◆ **Stored data**:
------------
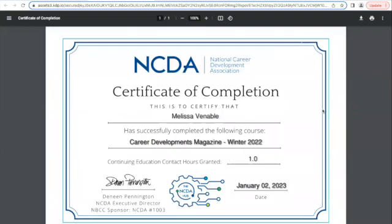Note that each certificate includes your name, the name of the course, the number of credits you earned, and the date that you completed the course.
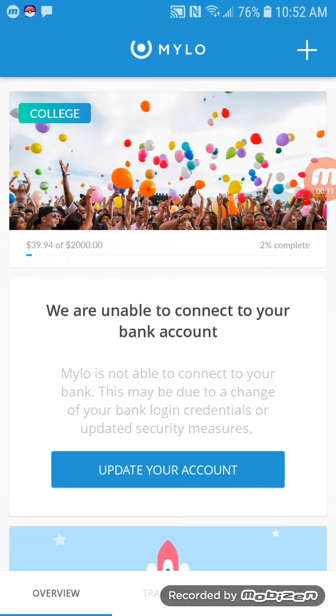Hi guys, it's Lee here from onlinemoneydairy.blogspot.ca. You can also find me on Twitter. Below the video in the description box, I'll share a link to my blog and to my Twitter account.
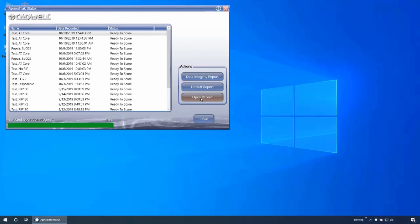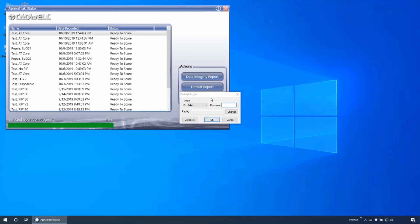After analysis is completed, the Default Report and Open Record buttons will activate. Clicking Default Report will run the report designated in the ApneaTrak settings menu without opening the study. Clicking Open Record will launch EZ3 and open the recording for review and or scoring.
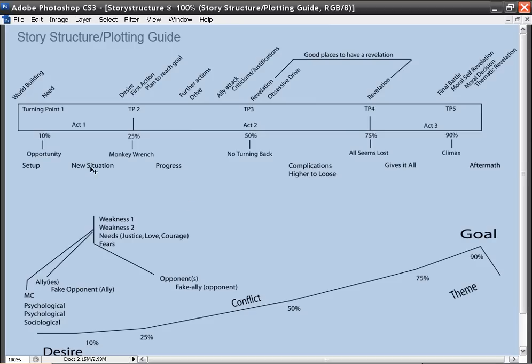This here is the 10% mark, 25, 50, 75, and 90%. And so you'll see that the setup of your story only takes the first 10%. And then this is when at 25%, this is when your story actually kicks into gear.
------------
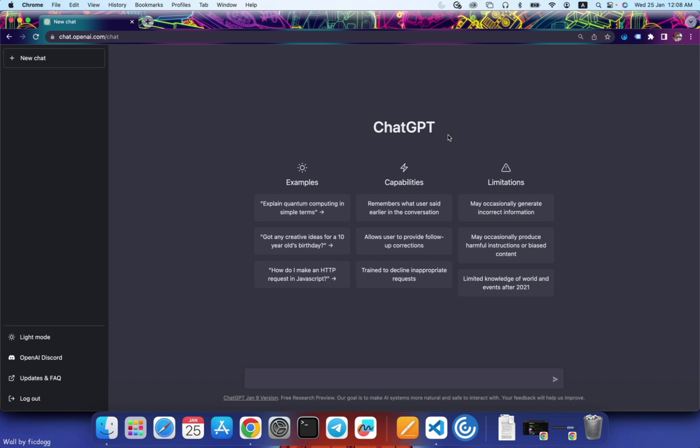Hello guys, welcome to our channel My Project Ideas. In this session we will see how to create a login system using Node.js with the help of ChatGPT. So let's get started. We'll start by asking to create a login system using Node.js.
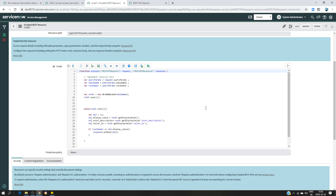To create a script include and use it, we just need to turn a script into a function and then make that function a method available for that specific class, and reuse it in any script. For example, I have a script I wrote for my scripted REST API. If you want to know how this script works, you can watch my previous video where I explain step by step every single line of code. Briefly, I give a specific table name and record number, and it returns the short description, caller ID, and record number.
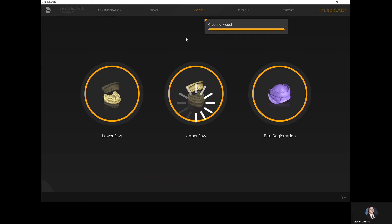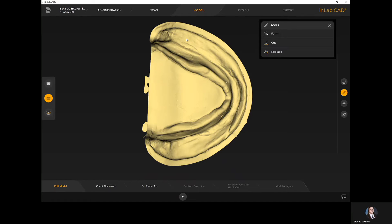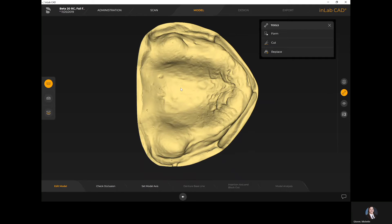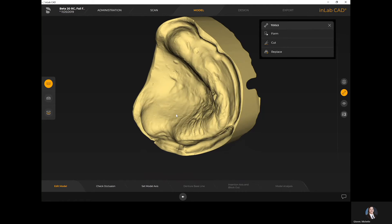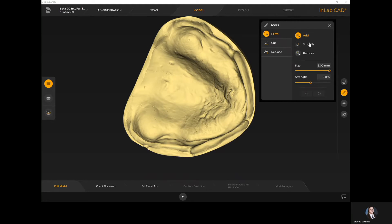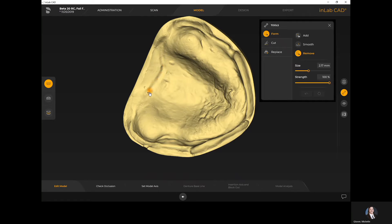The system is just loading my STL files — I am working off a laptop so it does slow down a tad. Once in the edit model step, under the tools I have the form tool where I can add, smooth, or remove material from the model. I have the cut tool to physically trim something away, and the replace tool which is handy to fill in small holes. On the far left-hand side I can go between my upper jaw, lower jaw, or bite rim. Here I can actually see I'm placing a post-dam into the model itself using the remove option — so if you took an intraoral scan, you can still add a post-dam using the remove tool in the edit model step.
------------
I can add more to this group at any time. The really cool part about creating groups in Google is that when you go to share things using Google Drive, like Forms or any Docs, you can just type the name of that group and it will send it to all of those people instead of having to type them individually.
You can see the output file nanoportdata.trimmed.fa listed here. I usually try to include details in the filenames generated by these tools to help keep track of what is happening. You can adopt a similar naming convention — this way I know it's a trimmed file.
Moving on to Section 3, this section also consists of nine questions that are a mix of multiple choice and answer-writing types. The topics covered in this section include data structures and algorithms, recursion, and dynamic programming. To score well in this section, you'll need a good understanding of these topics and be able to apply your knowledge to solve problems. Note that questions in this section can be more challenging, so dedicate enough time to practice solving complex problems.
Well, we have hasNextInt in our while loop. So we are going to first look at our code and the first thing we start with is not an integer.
------------
Retype, exactly and with no pictures, everything above from the line with "Note that each" down to the line with "Hi guys, it's", both included.

◆ **Output for this task**:
Note that each certificate includes your name, the name of the course, the number of credits you earned, and the date that you completed the course.
Hi guys, it's Lee here from onlinemoneydairy.blogspot.ca. You can also find me on Twitter. Below the video in the description box, I'll share a link to my blog and to my Twitter account.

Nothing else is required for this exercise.